King County Asks Federal Court to Stay Litigation in Anti-Terrorism Bus Advertisement Dispute; Opposition Filed

Seattle, Washington (October 29, 2013) — In a strange twist to a prominent free speech case, King County, Washington, filed a motion last week for a stay in litigation over the King County transit authorities refusal to run an anti-terrorism advertisement on its public transit buses.  The advertisement, which was sponsored by prominent human rights advocates Pamela Geller, Robert Spencer, and their organization, the American Freedom Defense Initiative (AFDI), displayed photographs of global terrorists from the FBI’s most wanted list, most of whom have Muslim names or are wanted for terrorist acts that were committed in the name of Islam.  King County allegedly denied the advertisement because it feared that it would be offensive to local Muslims. 

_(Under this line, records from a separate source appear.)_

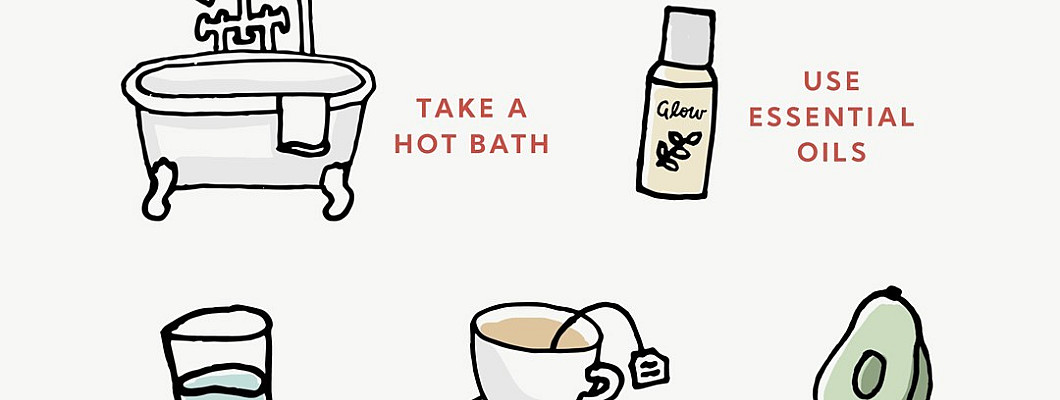 6 Natural remedies to help with period cramps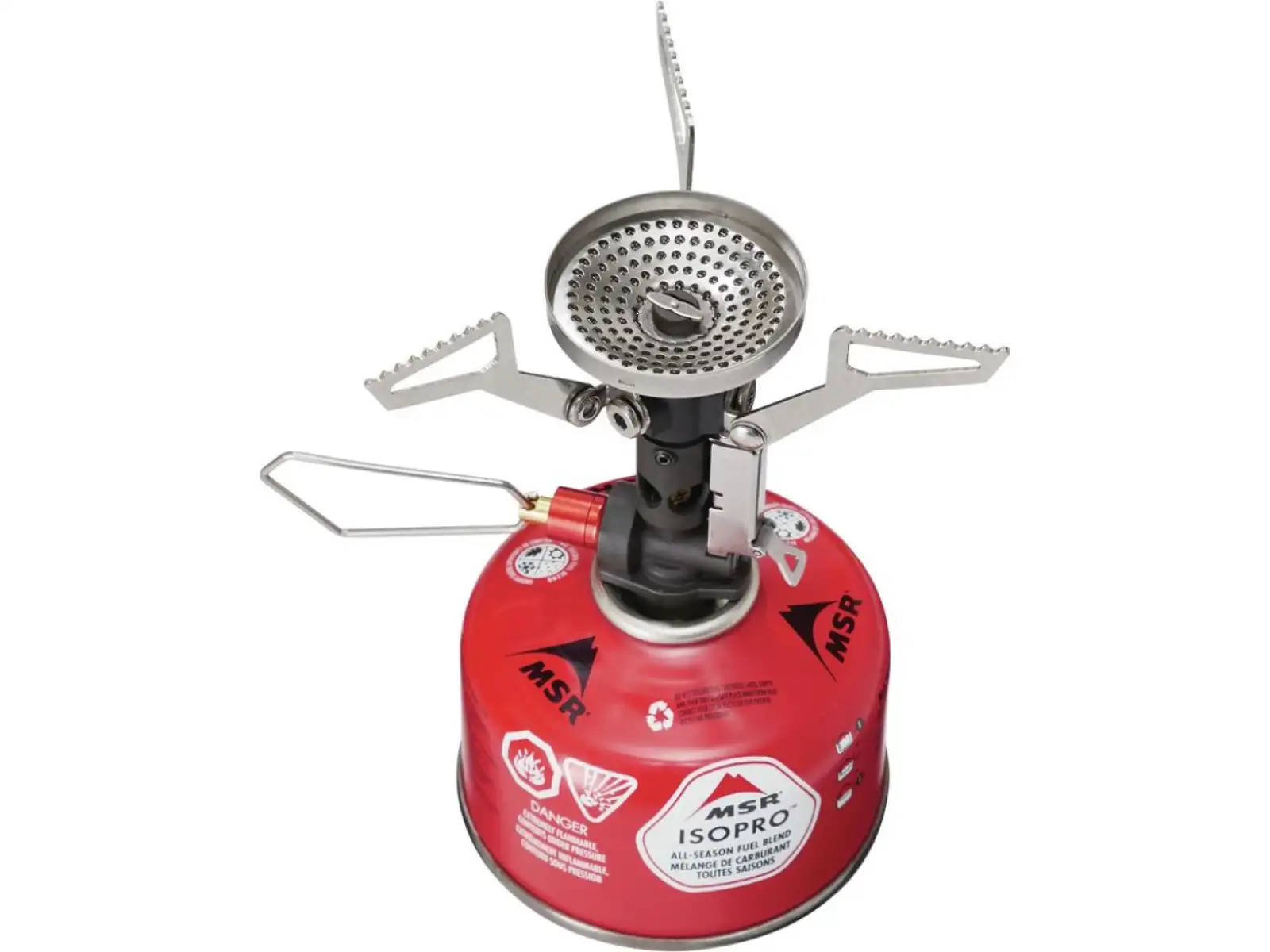 MSR Pocket Rocket Deluxe Gas Stove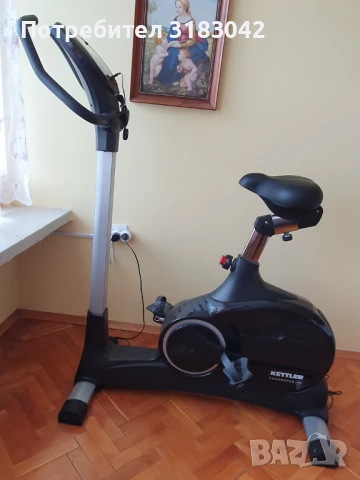 Велоергометър Kettler X5, снимка 1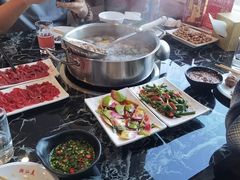 -潮汕美牛肉丸火锅店(天宁寺店)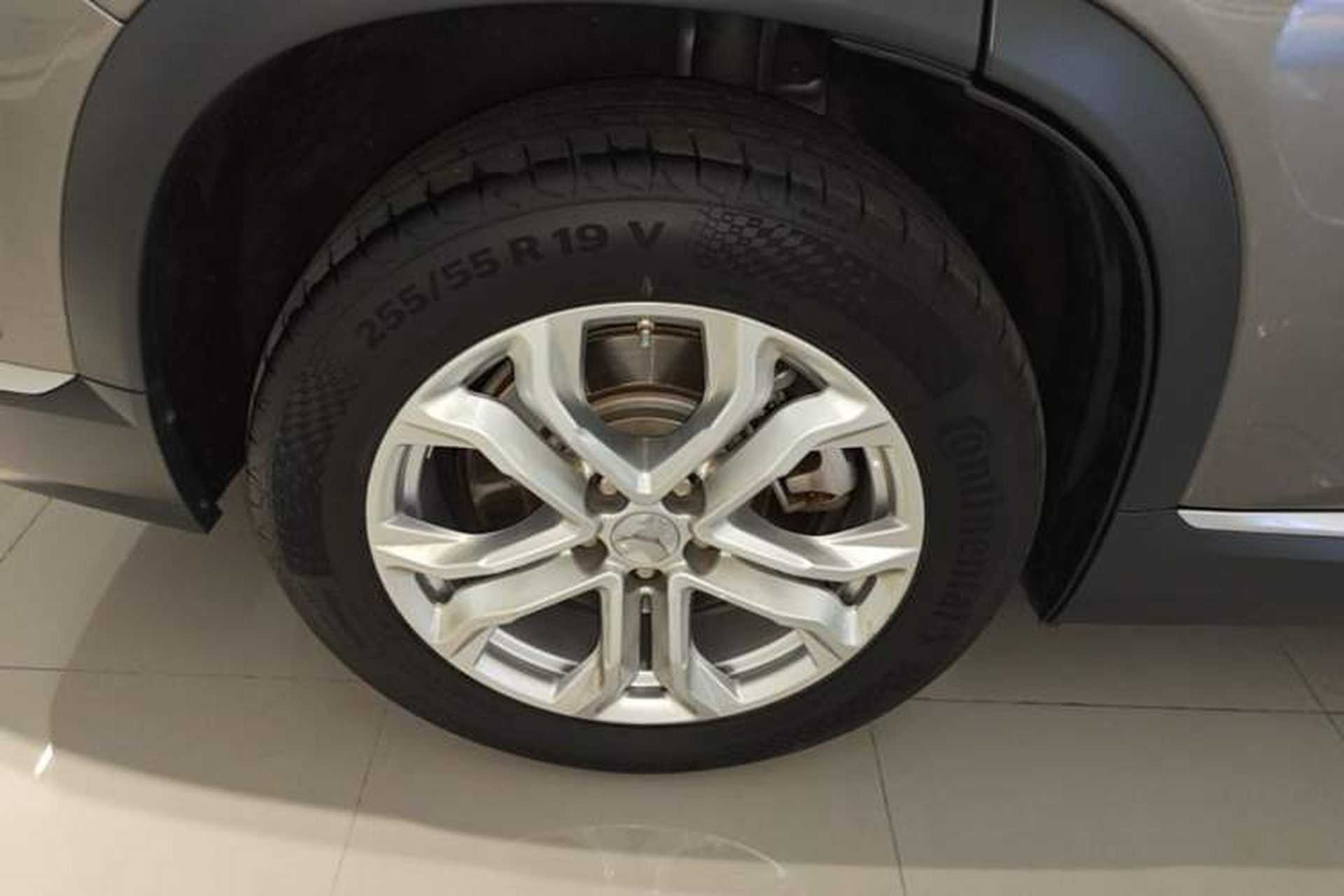 Used Nio ES8 2020 580 km Range Six-Seater Version Right Rear Wheel Hub
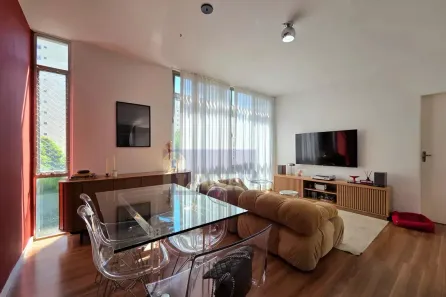 Apartamento com 2 Quartos à venda, 94m² no Moema, São Paulo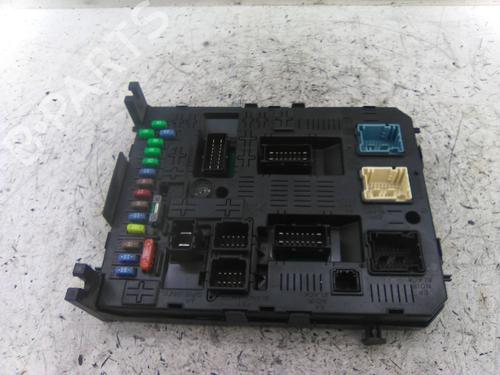 Used Fuse box CITROËN BERLINGO Platform/Chassis (B9) 1.6 HDi 90 (90 hp) 19838908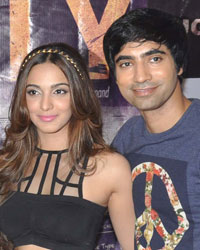 Vijender Singh, Mohit Marwah, Kabir, Kiara Advani and Arif Lamba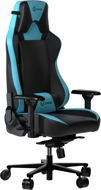 LORGAR herní židle Base 311, černá/modrá - Gaming Chair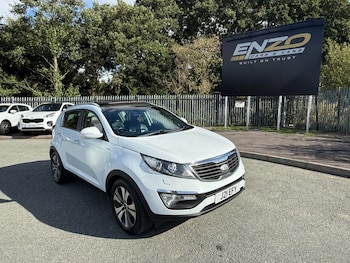 Used Kia Sportage 2013 for sale - 75891022: Photo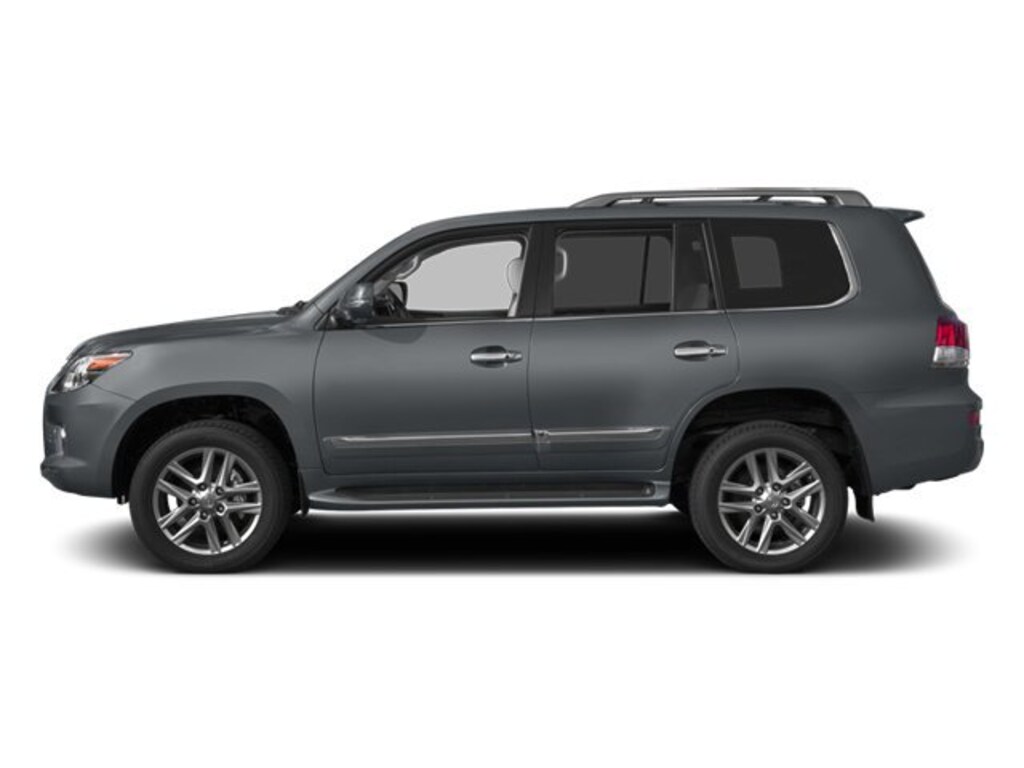 Used 2014 Lexus LX 570 SUV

Oddly, King County only asked for the stay to take effect after the court rules on the plaintiffs’ motion for preliminary injunction, which asks the federal court to force the County to run the advertisements during the pendency of the litigation.  

On October 7, the American Freedom Law Center (AFLC), a national, nonprofit Judeo-Christian law firm, filed a federal civil rights lawsuit in the United States District Court for the Western District of Washington at Seattle on behalf of Geller, Spencer, and AFDI, challenging the speech restriction on constitutional grounds.  As part of its lawsuit, AFLC filed the motion for a preliminary injunction on October 9.

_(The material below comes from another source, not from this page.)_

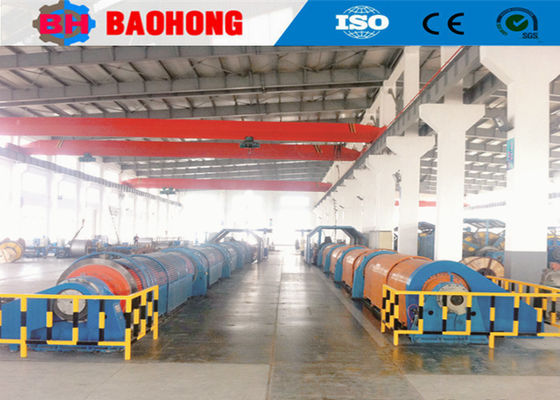 เครื่องพันสายไฟที่มีประสิทธิภาพสูงเครื่องพันสายไฟสำหรับตัวนำ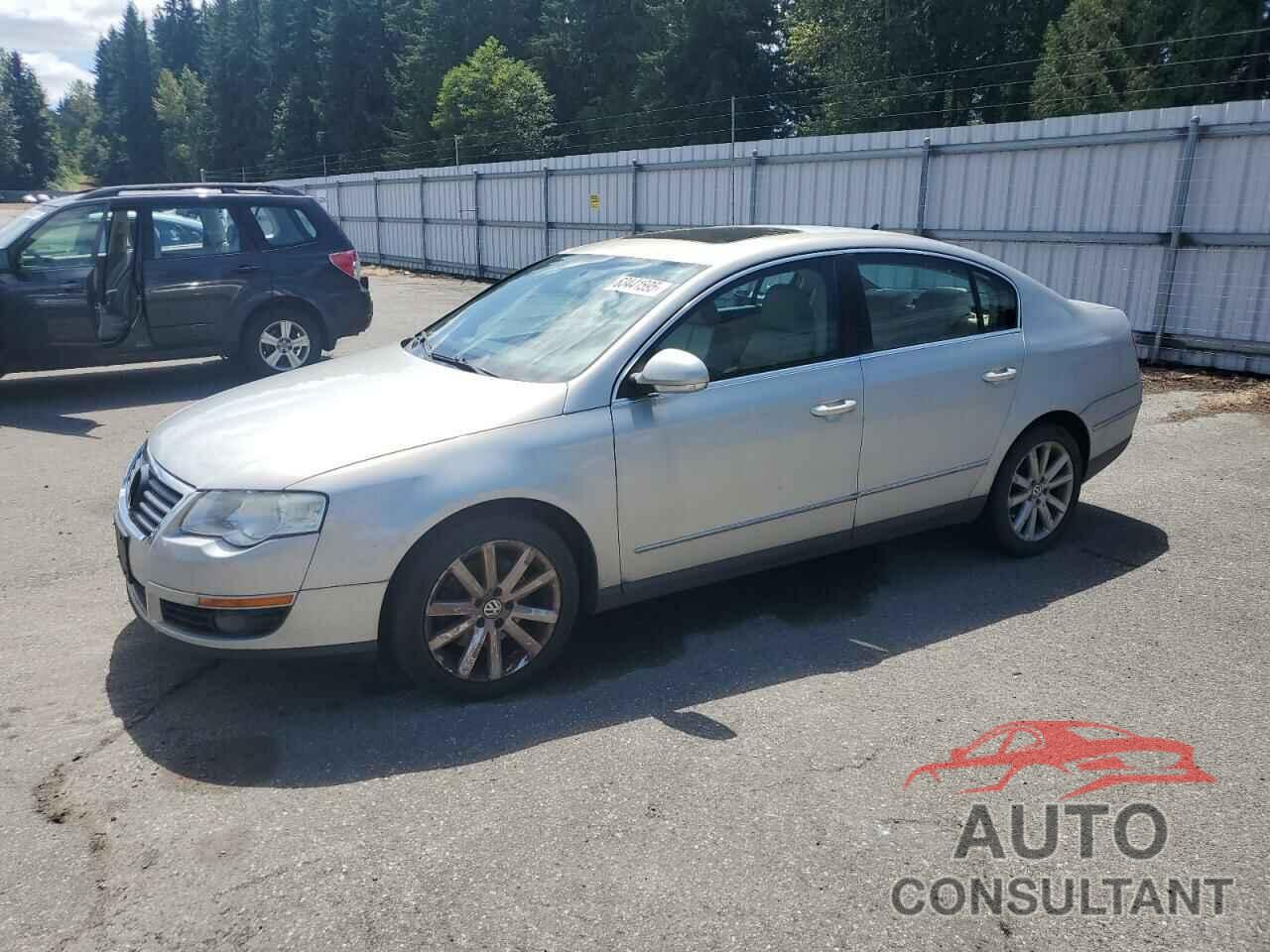 VOLKSWAGEN PASSAT 2010 - WVWJK7AN4AE077590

On October 27, AFLC filed an opposition to King County’s motion for a stay, arguing that the request is substantively deficient and therefore should be denied.  In addition, AFLC argued that staying the litigation would prolong King County’s unconstitutional speech restriction against Geller, Spencer, and AFDI.

David Yerushalmi, AFLC Co-Founder and Senior Counsel, commented: “Government violation of constitutional rights is neither trite nor compensable.  Indeed, the Supreme Court has long held that the loss of First Amendment freedoms, for even minimal periods of time, unquestionably constitutes irreparable injury.  Here, King County has no intent to resolve the grave constitutional claims in this case through the normal course of litigation; instead, it would rather file baseless motions in an effort to maintain its ongoing degradation of the First Amendment.”